Ao finalmente alcançá-lo, Ryota soltou um gemido alto de dor quando se sentou, puxando o corpo do rapaz para seu colo. Ela viu que o tiro na nuca atravessou seu pescoço, e uma quantidade absurda de sangue escorria. As lágrimas escorreram de seu rosto e pingaram no queixo dele ao perceber que era incapaz de estancar o sangramento. Ainda que sua mão passasse por cima de seu rosto, que tentasse esconder o rombo em sua garganta, era impossível.

— … Por favor… P-Por favor… Não me deixa… Ah…. Ugh… Eu… Eu… — ela fungou alto, perdendo o ar — … Amo você… 

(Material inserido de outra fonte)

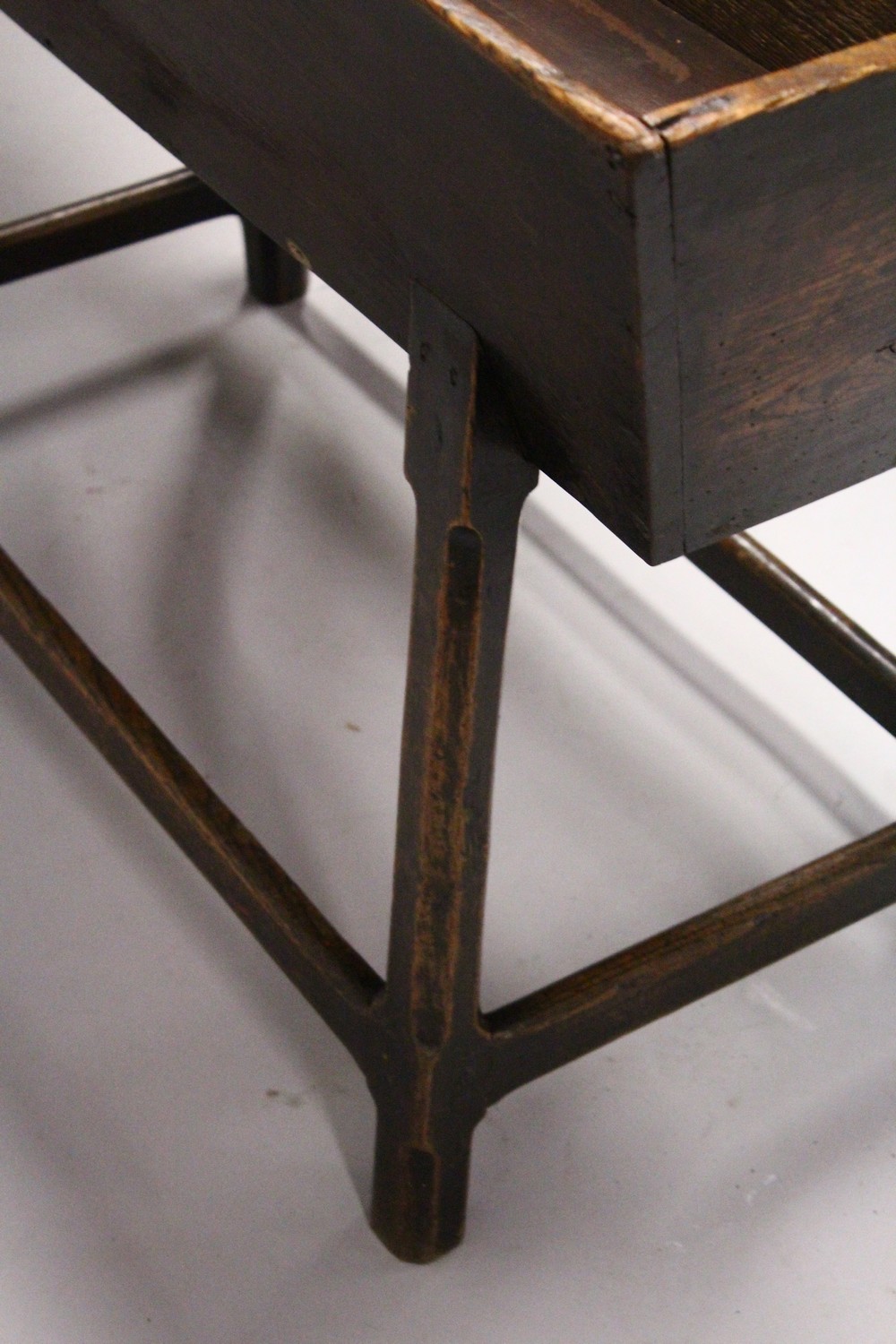 AN 18TH CENTURY ELM DOUGH BIN, of typical form. 4ft 1ins long x 1ft 8ins wide x 2ft 7ins high. - Image 7 of 9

Ryota percebeu que estava a um passo do verdadeiro colapso.

Naquele instante, debaixo da lua e abraçando o homem que havia dito que a amava, a garota viu ele dar seu último suspiro:

— … Obriga-.. do.

— … A-Ah! Espera… Zero! P-Por favor… Não… Não… Zero…!

O corpo dele estava ficando frio — ou será que era o dela?

Mas por que aquilo importava, afinal?

Ryota perdeu tudo.

Sua casa.

Sua família.

Sua dignidade.

Suas memórias.

Sua força.

Sua determinação.

Seus sonhos.

Suas esperanças.

Seu amor.

Seu coração.

E, por muito pouco, sua própria vida.

Enquanto chorava, balbuciando o nome de Zero, os pratos ecoando pela igreja, sentiu seu corpo ficar tão vazio quanto jamais antes esteve. Se antes haviam despedaçado seu coração, agora ele não mais existia. O buraco deixado pelas perdas de cada uma daquelas pessoas que uma vez foram importantes para Ryota, agora, consumia toda a sua alma, todo o seu ser.

E tudo o que foi capaz de fazer foi chorar, chorar e chorar. Assim como no começo, em que suas mãos e palavras nunca puderam alcançar ninguém. A mera espectadora, a garota desgraçada, a índigo quebrada… Soltou um berro de fúria e dor, desejando que aquele mundo cruel também pudesse tomar sua alma — ou o que havia restado dela.